| Wien (APA) - "Spät kommt Ihr, doch Ihr kommt. Der weite
Weg entschuldigt Euer Säumen": Alt-Vizekanzler und
-Wissenschaftsminister Erhard Busek als Festredner bemühte am
Samstag Schillers "Wallenstein" zur Eröffnung des Museums
moderner Kunst Stiftung Ludwig Wien (MUMOK) im
MuseumsQuartier, um sich als einer der Gründerväter dieses
Hauses und des MQ auch des "weiten Wegs" und seiner
Hindernisse (und Verhinderungsversuche) zu erinnern.
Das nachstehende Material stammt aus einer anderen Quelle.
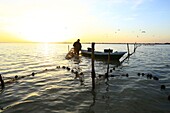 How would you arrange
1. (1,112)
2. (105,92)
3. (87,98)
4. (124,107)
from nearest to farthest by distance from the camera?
(1,112) → (124,107) → (87,98) → (105,92)

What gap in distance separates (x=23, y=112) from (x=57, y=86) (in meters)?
5.78

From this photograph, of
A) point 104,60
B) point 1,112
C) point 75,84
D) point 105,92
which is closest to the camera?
point 1,112

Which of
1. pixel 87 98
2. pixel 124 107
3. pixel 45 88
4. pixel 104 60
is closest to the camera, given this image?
pixel 124 107

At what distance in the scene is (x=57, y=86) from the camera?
53.9 ft

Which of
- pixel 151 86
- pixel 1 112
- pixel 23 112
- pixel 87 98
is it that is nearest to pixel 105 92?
pixel 87 98

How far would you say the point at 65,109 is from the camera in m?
11.1

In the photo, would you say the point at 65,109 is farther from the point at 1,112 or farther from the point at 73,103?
the point at 1,112

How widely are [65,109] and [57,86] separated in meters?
5.43

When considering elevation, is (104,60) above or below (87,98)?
above

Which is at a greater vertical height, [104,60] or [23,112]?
[104,60]

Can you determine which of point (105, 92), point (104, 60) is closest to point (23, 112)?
point (105, 92)

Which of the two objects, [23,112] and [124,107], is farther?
[124,107]

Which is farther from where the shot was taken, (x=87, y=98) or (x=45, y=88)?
(x=45, y=88)

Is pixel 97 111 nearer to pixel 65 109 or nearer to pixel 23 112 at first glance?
pixel 65 109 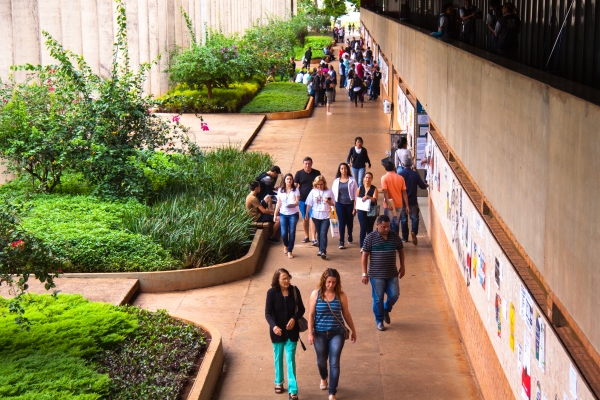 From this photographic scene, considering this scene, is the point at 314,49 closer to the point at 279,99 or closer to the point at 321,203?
the point at 279,99

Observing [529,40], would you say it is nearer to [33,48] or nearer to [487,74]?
[487,74]

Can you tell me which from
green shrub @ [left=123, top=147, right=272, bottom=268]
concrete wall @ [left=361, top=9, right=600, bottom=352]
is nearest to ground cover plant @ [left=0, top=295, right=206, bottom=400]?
green shrub @ [left=123, top=147, right=272, bottom=268]

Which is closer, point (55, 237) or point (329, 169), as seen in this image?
point (55, 237)

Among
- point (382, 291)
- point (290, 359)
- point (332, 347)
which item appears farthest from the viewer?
point (382, 291)

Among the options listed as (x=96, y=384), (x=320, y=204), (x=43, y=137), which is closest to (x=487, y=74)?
(x=96, y=384)

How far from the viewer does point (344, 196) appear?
48.4 feet

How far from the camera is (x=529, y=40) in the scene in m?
10.4

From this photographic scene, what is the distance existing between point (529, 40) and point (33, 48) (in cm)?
1179

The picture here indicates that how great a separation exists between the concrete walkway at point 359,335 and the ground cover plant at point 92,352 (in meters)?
0.63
So leistete Busek in der Reihe der Danksagungen an die
Weggefährten zu diesem Haus, beginnend von verstorbenen
Unterrichtsminister Heinrich Drimmel, ohne den Schwanzers
Expopavillon nicht als Museum des 20. Jahrhunderts in Wien
aufgestellt worden wäre, und der verstorbenen
Wissenschaftsministerin Herta Firnberg, die die "Courage"
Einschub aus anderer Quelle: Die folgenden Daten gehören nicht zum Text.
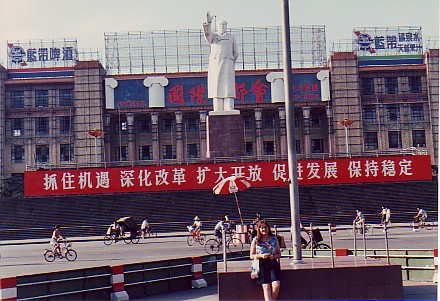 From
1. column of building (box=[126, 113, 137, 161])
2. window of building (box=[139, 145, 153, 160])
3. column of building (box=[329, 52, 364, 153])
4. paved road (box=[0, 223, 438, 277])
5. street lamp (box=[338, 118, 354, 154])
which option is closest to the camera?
paved road (box=[0, 223, 438, 277])

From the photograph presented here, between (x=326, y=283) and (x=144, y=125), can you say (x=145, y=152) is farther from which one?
(x=326, y=283)

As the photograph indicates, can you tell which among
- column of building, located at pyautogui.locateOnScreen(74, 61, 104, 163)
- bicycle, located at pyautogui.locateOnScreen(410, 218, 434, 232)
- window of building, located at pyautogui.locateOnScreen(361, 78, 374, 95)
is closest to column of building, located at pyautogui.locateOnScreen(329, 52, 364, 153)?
window of building, located at pyautogui.locateOnScreen(361, 78, 374, 95)

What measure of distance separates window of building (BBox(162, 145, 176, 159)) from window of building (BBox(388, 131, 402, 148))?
848 inches

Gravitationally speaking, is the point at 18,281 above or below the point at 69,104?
below

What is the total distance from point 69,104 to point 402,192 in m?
33.5

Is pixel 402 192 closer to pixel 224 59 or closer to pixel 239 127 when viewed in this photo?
pixel 239 127

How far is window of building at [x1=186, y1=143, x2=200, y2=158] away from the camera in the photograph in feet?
191

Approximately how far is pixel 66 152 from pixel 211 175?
24.0 m

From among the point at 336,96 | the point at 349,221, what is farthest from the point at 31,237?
the point at 336,96

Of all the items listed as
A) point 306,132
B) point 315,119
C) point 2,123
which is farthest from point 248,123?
point 2,123

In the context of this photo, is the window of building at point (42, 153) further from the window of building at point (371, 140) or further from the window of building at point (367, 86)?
the window of building at point (367, 86)

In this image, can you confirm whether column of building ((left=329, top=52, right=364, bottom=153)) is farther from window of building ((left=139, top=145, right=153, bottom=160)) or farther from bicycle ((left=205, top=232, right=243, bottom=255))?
bicycle ((left=205, top=232, right=243, bottom=255))

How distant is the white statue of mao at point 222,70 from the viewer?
38.3 m

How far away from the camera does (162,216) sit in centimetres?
3709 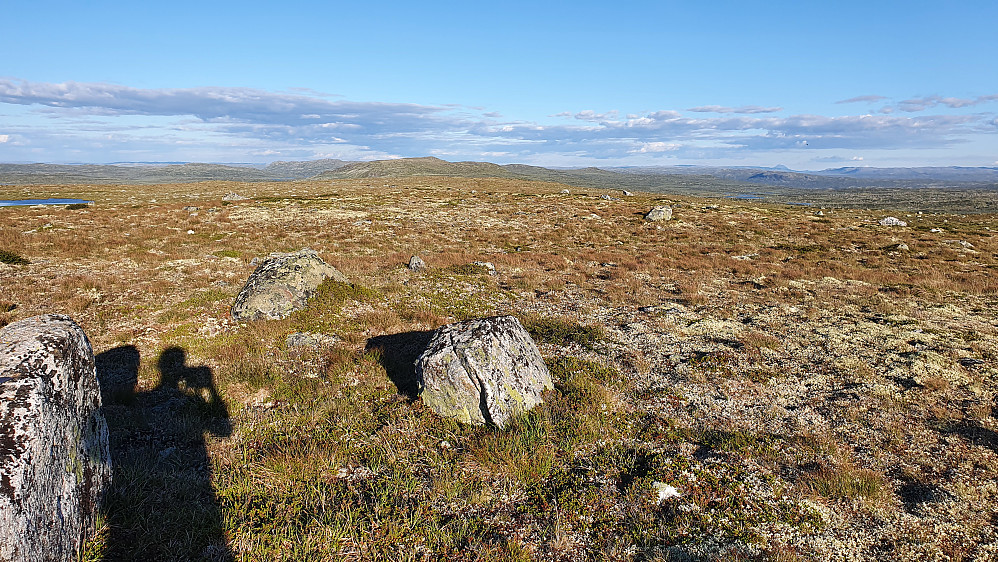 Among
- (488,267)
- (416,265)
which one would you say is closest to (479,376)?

hatte, das Museum moderner Kunst im Palais Liechtenstein zu
etablieren und die Partnerschaft mit dem Sammler- und
Stifterehepaar Peter und Irene Ludwig einzugehen, auch "einen
schrägen Dank an jene, die es medial bekämpft haben". "Wir
haben es jetzt dieses Museum moderner Kunst". Er lade dazu
ein, über alle möglichen Kritiken hinwegzugehen, die in diesen
Tagen darüber hinwegfegen, meinte Busek nach seinen
Betrachtungen "österreichischer Befindlichkeiten".
Der Würdigung, dass dieses Museum von einer
"Unverwechselbarkeit" gekennzeichnet sei, dass man hier nicht
wiederum auf das stoße, was in so vielen Museen gleichförmig
obligatorisch sei, schlossen sich alle Redner an. Und alle
betonten die gesamteuropäische Dimension der Sammlung, die -
und hier wurde von allen die Arbeit von Direktor Lorand Hegyi
hervorgehoben - einen speziellen Schwerpunkt auf Mitteleuropa,
bei Künstlern aus Ost- und Südeuropa gebildet habe.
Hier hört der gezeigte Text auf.